What appears at the outset to be amateur acting is merely cleverly realistic, shorn of theatrical elements and stripped bare to honesty, so as to be able to carry this depth. The fact that the actors so often speak directly to the camera, as if talking to us, takes a little getting used to as well, and that's only one device used here. The other obvious one is the fact that almost the entire film is shot from a camera positioned a lot lower than we expect, as if we're in the middle of the scene ourselves, kneeling on a tatame like the rest of the characters. It's a very effective pairing of devices, set up a full half century before the modern reality TV craze.
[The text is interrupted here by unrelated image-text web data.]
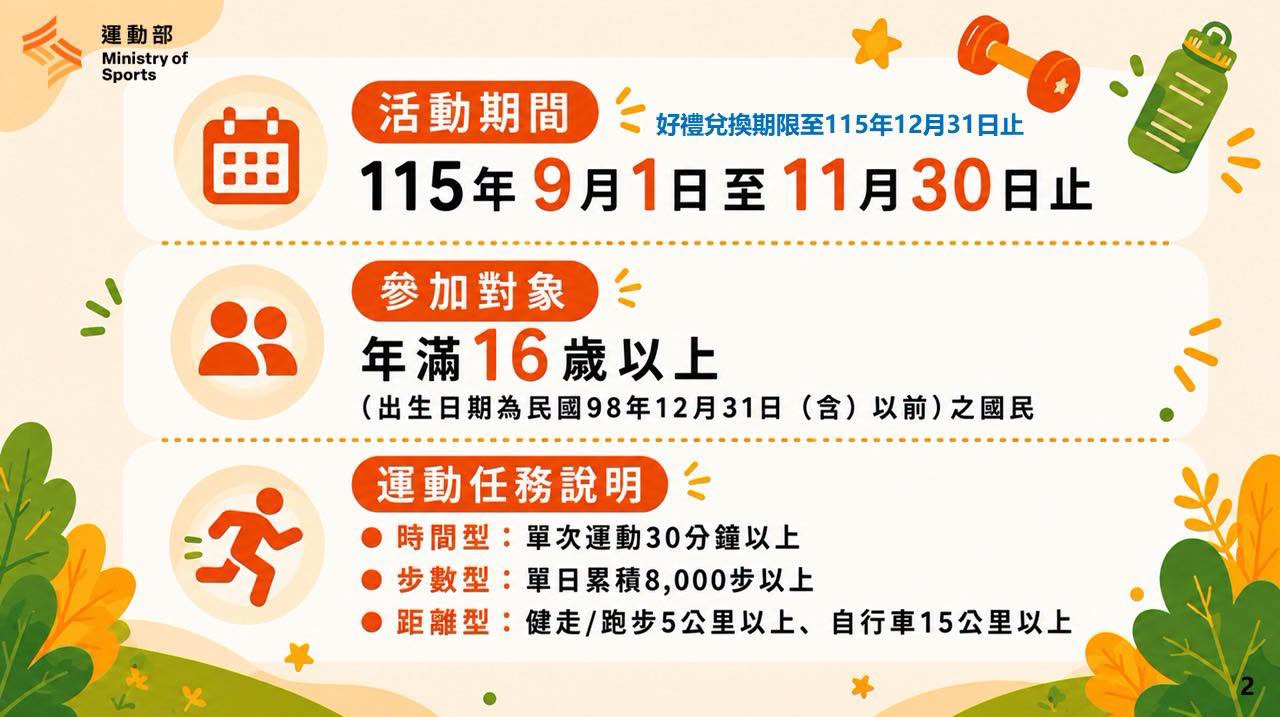 「揮汗有禮｜全民動起來」運動任務。（運動部提供）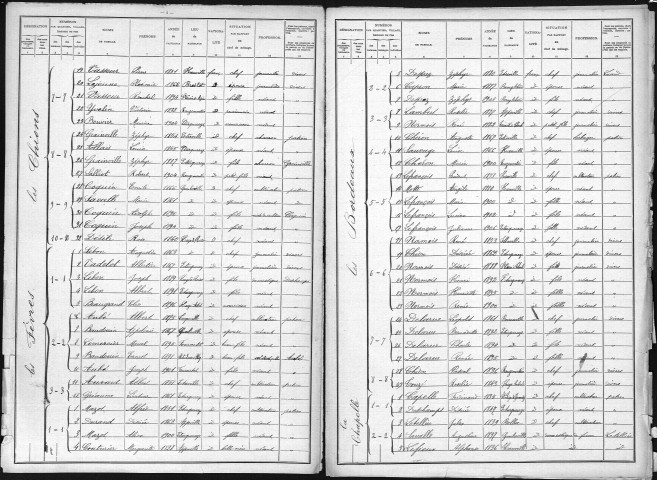 ETURQUERAYE 1906
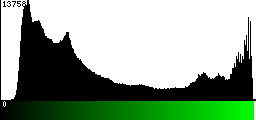 Green Histogram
I caught some of the extra meanings here but it's pretty clear that this is a film to explore deeper with repeat viewings. The connections to reality really ought to resonate too, because this isn't a single message film. There are parts that connected with me at the point in life that I'm at right now but I'm sure that it'll be different parts that touch me ten years from now or twenty or thirty. It's obviously a film to grow with, as it seems to have done for many viewers already.

It's the genius of this film that there are so many of these little touches that it's hard to count them and often to even notice them because they're so subtle. There are so many points where we suddenly realise what a previous scene meant or a line spoken earlier in the film really tied to. Everything seems to have something to tell us, if only we care enough to step away from our own lives for a couple of hours to pay attention. It speaks to the differences between generations, between country and city living, difference between tradition and modernity; to the differences between characters and noise and movement.
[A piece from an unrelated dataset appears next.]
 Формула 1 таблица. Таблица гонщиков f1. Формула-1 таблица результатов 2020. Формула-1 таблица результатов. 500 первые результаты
It also tells so much about things we don't even see. We don't meet our elderly couple until they're, well, elderly, and there are no flashbacks or imaginings in this very linear story. Yet we get massive insight into their life together through dialogue and reactions. We learn about who they are because of how they play along with their children's plans, how they react to what they do, how they talk under the influence of drink. We also learn about them from their family, comments here and there gradually filling in our picture like a jigsaw puzzle. So by the end of the film, we know about their life together that we didn't see, about Shoji and Noriko's parents who we never see.

We're also treated to subtle comments on Japanese culture. A couple of exchanges of dialogue really stood out for me, even though they're not highlighted above any other. Right at the beginning of the film they lose their air cushion. Of course it's the woman's fault, and of course the man doesn't apologise when it turns out that it's his fault, but it's played out as utterly routine. There's no bad feeling, it's simply how things are expected for a traditional elderly couple. Later on, Tomi says that 'I'm glad I lived to this day. The world has changed so.' The immediate reaction is 'But you haven't changed at all,' only for her to reply in turn, 'Of course we have. We're old folks now.' This is utterly throwaway stuff if you take it at face value. The more you learn about the characters and about Japanese culture in general the more that becomes a definitive summing up of the last century in Japan.